When the circuitry receives the doorbell, the circuitry enters a
Stopping Packet Routing step 412, wherein the RH stops routing
incoming packets.
[0061] From this point, incoming packets accumulate in an ingress
queue; it is of paramount importance to reduce the accumulation
time, to avoid packet dropping or, alternatively, to avoid the use
of large buffers for the ingress queue.
[0062] After step 412, the circuitry starts to download the new
routing table. The circuitry enters a Reading WQE step 414 and
reads a first WQE 116 from RAM 110 (FIG. 1); next, the circuitry
enters an Executing WQE step 416 and executes the WQE (typically
transferring a contiguous block of data from buffer 112 to routing
table 122, through read-queue 128).
[0063] After executing the WQE, the circuitry enters a Sending CQE
step 418, and writes a completion queue entry in a CQE area 116
(FIG. 1). The CQE may comprise various fields that allow the CPU to
verify that the WQE has been completed successfully.
[0064] Next, the circuitry enters a Checking Last WQE step 420, and
checks if the current WQE is the last one. If there are more CQEs,
the circuitry will re-enter step 414, to get the next WQE.
[0065] The CPU, after sending the doorbell in step 406, enters a
Getting CQE step 408, and waits for a CQE from the circuitry. It is
important to note that, during the time that the circuitry executes
the WQE, the CPU is idle (in practice, busy executing other tasks),
and hence the loading of the CPU is low. When the CPU receives the
CQE, the CPU enters a Checking-CQE step 422 and tests the CQE
against predefined success/fail criteria (comprising, for example,
CRC signature verification, and checking the size of the
transferred data). If the CQE fails the test, the CPU may abort the
flow. If the test passes, the CPU enters a Checking Last CQE step
424, and checks if the current CQE is the last one. If the CQE is
not the last one, the CPU will re-enter step 408, to get the next
CQE. If the CQE is the last one, the CPU will enter a Notifying
Completion Step 426 and indicate to the circuitry that it is OK to
start using the new routing table. After step 426, the CPU ends the
flow.
[0066] If, in step 420, the circuitry finds out that the current
WQE is the last WQE, the circuitry enters a Waiting for Completion
Notification step 428 and waits for a completion notification to be
issued by the processor. When the circuitry receives the completion
notification, the circuitry enters a Resuming Packet Routing step
430, wherein the RH resumes packet routing, according to the new
routing table. Thereafter, the circuitry re-enters step 410, and
waits for the next configuration table load.
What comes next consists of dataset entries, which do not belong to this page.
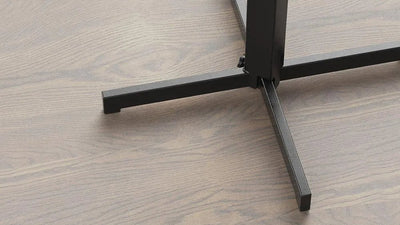 Rockless Table base stable on wood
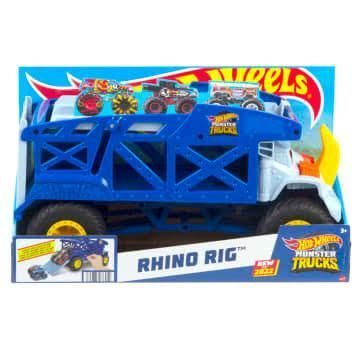 Іграшковий перевізник Хот Вілс Монстер Трак Носоріг Hot Wheels Monster Trucks Rhino Rig HFB13 HFB13 фото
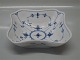 Blue Fluted Danish Porcelain 026-1 Square open vegetable bowl 21.5 cm (#578)
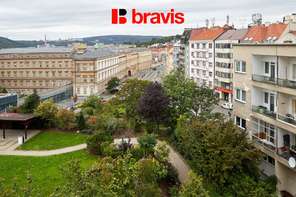 Pronájem luxusního bytu 3+kk, Brno - střed, ulice Kopečná, rezidence Anenské terasy, zařízený, terasa s krásným výhledem, internet v ceně, možnost parkování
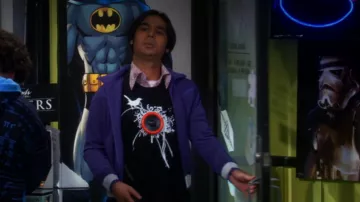 of Raj Koothrappali (Kunal Nayyar) in The Big Bang Theory (S03E16)
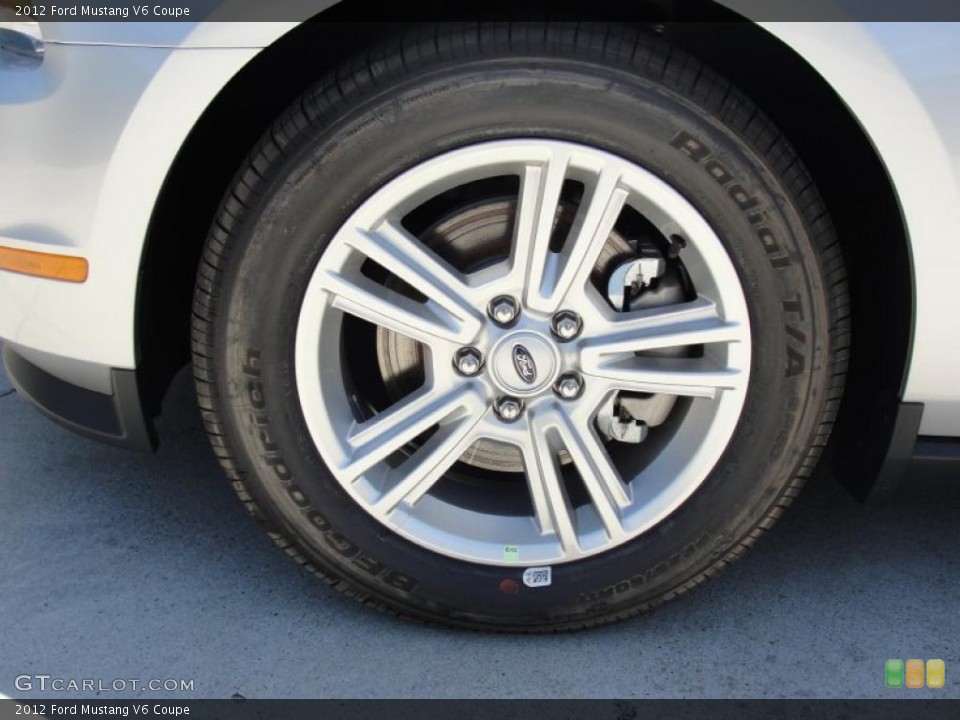 2012 Ford Mustang V6 Coupe Wheel and Tire Photo #48910752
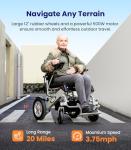 VOCIC All-Terrain Electric Wheelchair for Adults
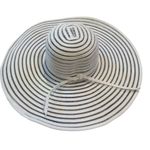 Striped Wide Brim Sun Hat Photo 0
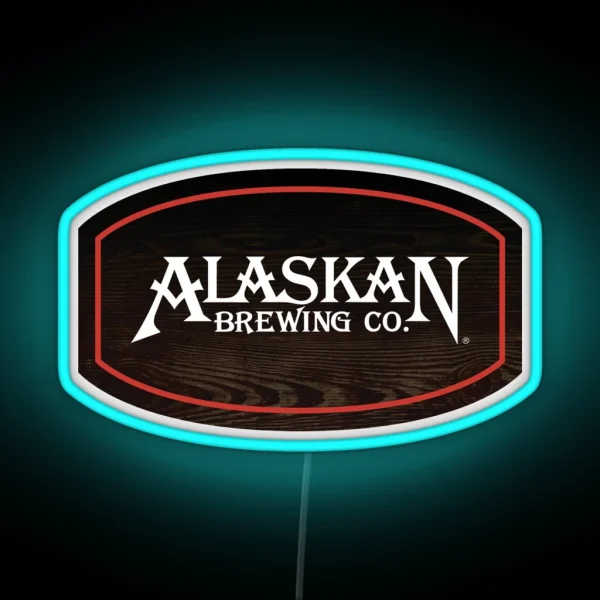 Alaskan Brewing Logo RGB Neon Sign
[0067] Thus, according to the example flowchart illustrated in FIG.
4 and described above, a new routing table can be loaded from the
processor to the RH. Loading is done using WQE-CQE protocol, at
high speed and with little loading of the CPU. The mechanism used
to transfer data to the routing table is the same mechanism that is
used to transfer data to egress ports; hence the cost to implement
is low and the performance is high, relative to other
solutions.
[0068] The flow associated with table upload is similar to the
download flow; the main difference is the direction of the data
transfer. FIG. 5 is a flow chart 500 that schematically illustrates
a method for transferring a new status table from an RH to a
processor, in accordance with an embodiment of the present
invention. The flowchart is jointly executed by the CPU and the
circuitry (208 and 226, respectively, in FIG. 2).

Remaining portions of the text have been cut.